7 – Comment j’ai perçu les jeunes lorsque j’étais enseignant ? Ils sont souvent en porte à faux. Ils doivent souvent tuer le père, se détacher des adultes, prendre du recul, de la distance. Le jeune est méfiant. Il veut bien des références mais pas de modèles. Je trouve que les jeunes sont livrés à ce qu’il y a, c’est-à-dire presque rien. D’un côté ils doivent prendre du recul, de l’autre ils souhaiteraient avoir du soutien. Les jeunes développent je trouve quelque fois la philosophie de « l’à quoi bon ». Les adultes sont soit absents soit trop présents. J’ai vu des associations dans lesquelles les tenants, les responsables, ne cédaient aucune parcelle de leur responsabilité. L’accès à la responsabilité c’est une chose importante qu’il fat donner aux jeunes.

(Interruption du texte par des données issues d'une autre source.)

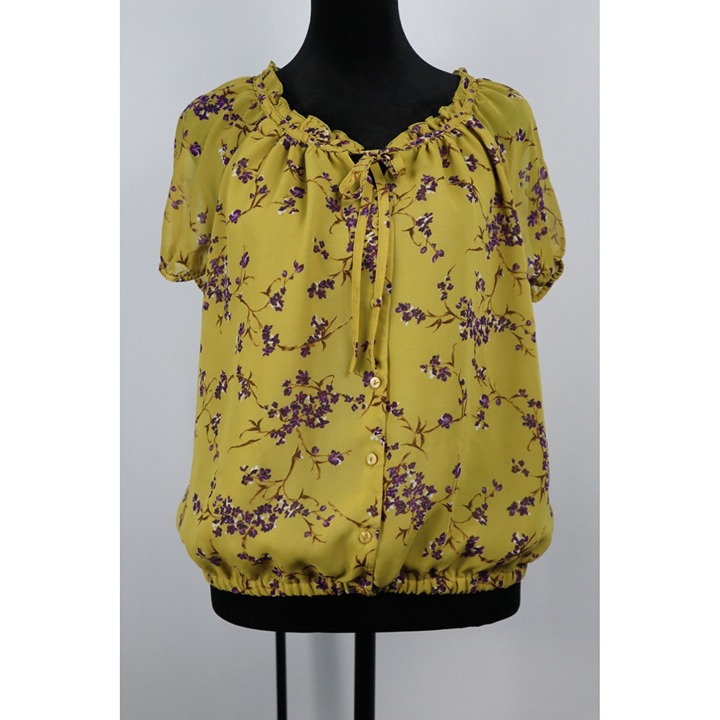 APT9 vintage Mustard -purple Floral Ruffle Neck Blouse with Button Front & Elas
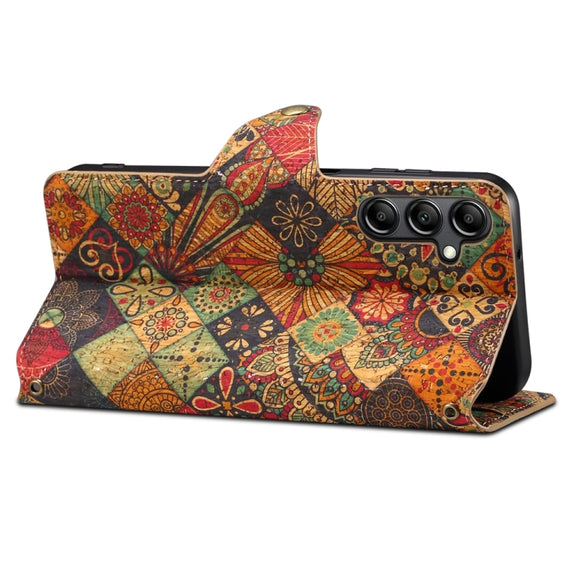 For Samsung Galaxy S23 FE Denior Flower Language Series Cork Fabric Oil Edge Leather Phone Case(Autumn)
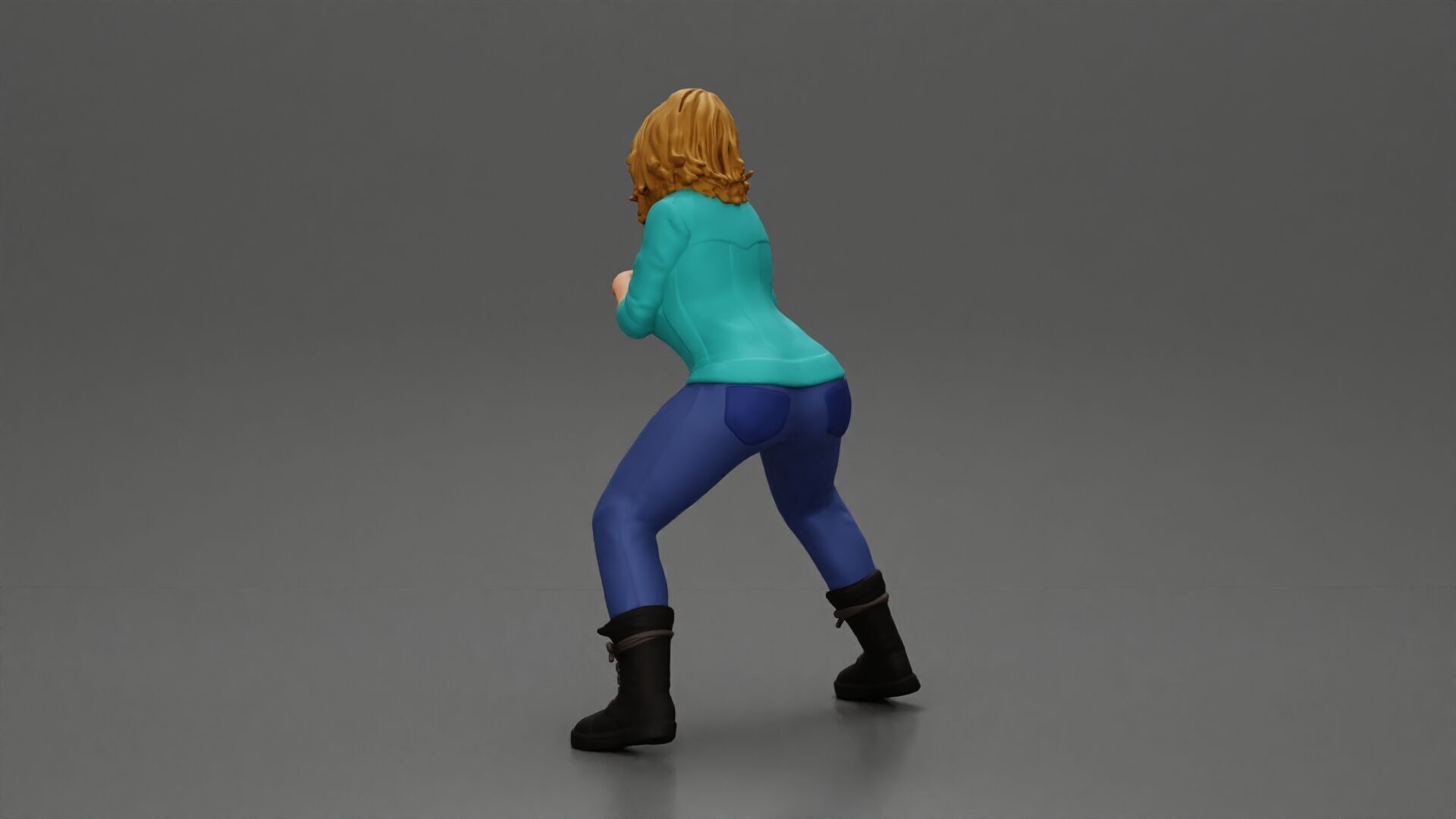 Girl sitting on a scooter wearing an open jacket 3D print model_15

A – Je vais reprendre juste l’idée du modèle. Quel est la place du modèle dans notre société ?

8 – Je me souviens très bien dans ma jeunesse avoir eu des modèles source de dynamisme. Pour moi, un modèle qui en est resté un, c’est Saint-Exupéry. « Etre un homme c’est être responsable ». Je l’ai appris très jeune ça. Et dans ma famille c’était très développé. Ce qui me frappe dans la jeunesse actuelle c’est cette capacité d’enthousiasme, cet élan extraordinaire, et une générosité. Pourquoi avons-nous souvent des réactions négatives vis-à-vis de cette jeunesse. Eh bien parce qu’on en a peur. Nous avons peur des jeunes. Parce qu’il y a des approches éducatives extrêmement maladroites. J’ai connu une jeunesse où très tôt on rentrait dans la responsabilité de la maison. Il m’est arrivé aussi de récolter un peu d’argent, je me rappelle de récolte de patates dans les champs. De plus, s’il y a une frictions entre jeunes et vieux c’est je pense du fait de cette cristallisation qui se fait dans notre corps, c’est du au fait que la santé quitte au fur et à mesure notre corps.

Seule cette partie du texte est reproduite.